The Jungle Book - Not Just for Children
Perhaps you remember Baloo and the other lovable cartoon characters from the Disney version. As entertaining as that movie was for children, the book has something to offer even to adults.
Like its better known counterpart Tarzan,
The Jungle Book, and its sequel, The Second Jungle Book, are collections of stories written by Rudyard Kipling at the end of the 19th century. The stories are set in the jungle of India as it was, or at least as the author imagined it, during that period. Perhaps the best known of these stories, and the ones usually made into movies, relate the adventures of Mowgli, a young Indian boy raised by wolves. Just as with Arthur Conan Doyle’s Tarzan stories, The Jungle Book contains a much more serious story than is usually portrayed in the children’s versions with which people are most familiar.

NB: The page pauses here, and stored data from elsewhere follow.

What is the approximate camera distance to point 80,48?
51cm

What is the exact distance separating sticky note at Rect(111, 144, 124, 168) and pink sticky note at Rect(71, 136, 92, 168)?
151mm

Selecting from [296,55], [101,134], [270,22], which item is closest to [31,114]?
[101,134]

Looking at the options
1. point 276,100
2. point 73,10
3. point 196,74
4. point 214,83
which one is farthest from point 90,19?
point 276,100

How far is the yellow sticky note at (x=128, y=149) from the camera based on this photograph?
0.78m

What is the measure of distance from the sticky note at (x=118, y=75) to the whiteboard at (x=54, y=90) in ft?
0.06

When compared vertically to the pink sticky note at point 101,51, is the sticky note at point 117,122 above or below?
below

Although most of the main characters are animals, Kipling does a superb job of making you believe in them. He gives them words, yet they remain animals, with actions that, in our view, alternate between savage and noble, but that are in keeping with their respective natures. Among other things, this means that most of the animal characters do what animals do, they kill for food and survival. Are the stories violent? Perhaps they are; they are certainly more violent than the Disney animated cartoon. Yet it’s interesting to note than even when outlining, in a poem, what it calls the law of the jungle, one of the stories specifies that the wolves would kill only to survive, "Ye may kill for yourselves, and your mates, and your cubs as they need, and ye can; But kill not for pleasure of killing, and seven times never kill Man!" Some have interpreted these stories as commentaries on the society of his day. Whether allegorical of the political and social aspects of the world or not, the books are certainly entertaining, appealing to the every boy’s (and every man’s or woman’s) sense of adventure.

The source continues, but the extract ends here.